How Kubernetes Deployments, ReplicaSets, and HPAs coordinate

This is the third post in my Kubernetes Controllers series. In the first post, we explored what controllers are and how they maintain your desired state through continuous reconciliation. In the second post I walk through how to build stable controllers from scratch. Now we’ll examine how three critical controllers interact to manage your applications.

We were rolling out a new version of an application. 100 pods, all running about 25% hot on CPU.

The HPA didn’t scale up. The rollout was throttled. Metrics were delayed. Traffic took a hit.

The frustrating part? Everything was working exactly as designed. The HPA wasn’t scaling because it was configured not to.

Kubernetes is a system of nested control loops. HPAs scale Deployments. Deployments manage ReplicaSets. ReplicaSets spin up Pods. Each loop has its own knobs. But what matters is how those loops interact, especially in moments like this.

Tuning your cluster isn’t about memorizing flags. It’s about understanding where the edges are and what happens when you push into them.

Core control loops

As I mentioned in the first post of the series, Kubernetes is built on reconciliation. Deployments, ReplicaSets, and HPAs are each their own control loop:

The HPA loop observes metrics and adjusts the replica count on a Deployment
The Deployment loop reconciles the desired replica count by adjusting ReplicaSets
The ReplicaSet loop reconciles its pod count by creating or deleting Pods

HPAs, ReplicaSets, Deployments

Each loop observes state, compares it with the desired target, and takes corrective action. If you want to understand what’s actually happening with your application deployments, it’s important to learn how to spot what actions are being taken and understand why.

Inspecting status fields

These control loops report their current state in .status fields. These are the first things you should check when something doesn’t look right.

Deployment status

kubectl get deployment demo -o yaml | yq .status

observedGeneration: The latest generation the controller has processed
replicas, updatedReplicas, availableReplicas: rollout progress
conditions[]:
- Progressing: whether a rollout is ongoing
- Available: whether minimum availability has been met

If a rollout seems stuck, check if Progressing=True with a reason like ReplicaSetUpdated. If so, you’re likely waiting on pods to become Ready. Once the pods fully come up and report Ready, the Deployment will transition its Available condition to Status=True, Reason=# MinimumReplicasAvailable

ReplicaSet status

kubectl get rs -o yaml | yq '.items[] | {name: .metadata.name, status: .status}'

Look at replicas, readyReplicas, and availableReplicas. Those show how far along each ReplicaSet is. If you see a conditions[].type=ReplicaFailure, it might be a scheduling or crash loop issue. Debug with kubectl describe pod <foo> and check out the Events field.

HPA status

kubectl describe hpa

Check the current vs. target CPU utilization. Look at desiredReplicas vs. currentReplicas. And scan the Conditions[] field for clues like ScalingLimited, AbleToScale, or ScalingActive.

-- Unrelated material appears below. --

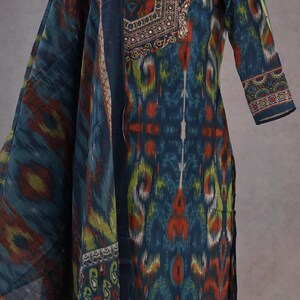 May include: A teal, orange, and green patterned salwar kameez with a matching dupatta. The tunic features a detailed neckline with small embellishments. The sleeves are three-quarter length, and the fabric has an ikat-style design.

If you want to dig into metrics:

kubectl get --raw "/apis/custom.metrics.k8s.io/v1beta1" | jq

How ReplicaSets relate to Deployments

Deployments don’t create Pods directly. They create ReplicaSets. If the pod template changes (image, labels, env), a new ReplicaSet is created. The Deployment scales the new one up and the old one down. For example, take this sample deployment that manages an nginx app:

kubectl apply -f - <<EOF
apiVersion: apps/v1
kind: Deployment
metadata:
  name: demo-deployment
spec:
  replicas: 3
  selector:
    matchLabels:
      app: demo
  template:
    metadata:
      labels:
        app: demo
    spec:
      containers:
      - name: demo
        image: nginx:1.14.2
        ports:
        - containerPort: 80
EOF

Trigger a rollout to see the rollingUpdate in action:

kubectl set image deployment/demo-deployment demo=nginx:1.16.1

Watch it:

kubectl get rs
kubectl get events --sort-by=.metadata.creationTimestamp

You’ll see that the Deployment creates a new ReplicaSet and starts scaling up the new ReplicaSet while scaling down the old.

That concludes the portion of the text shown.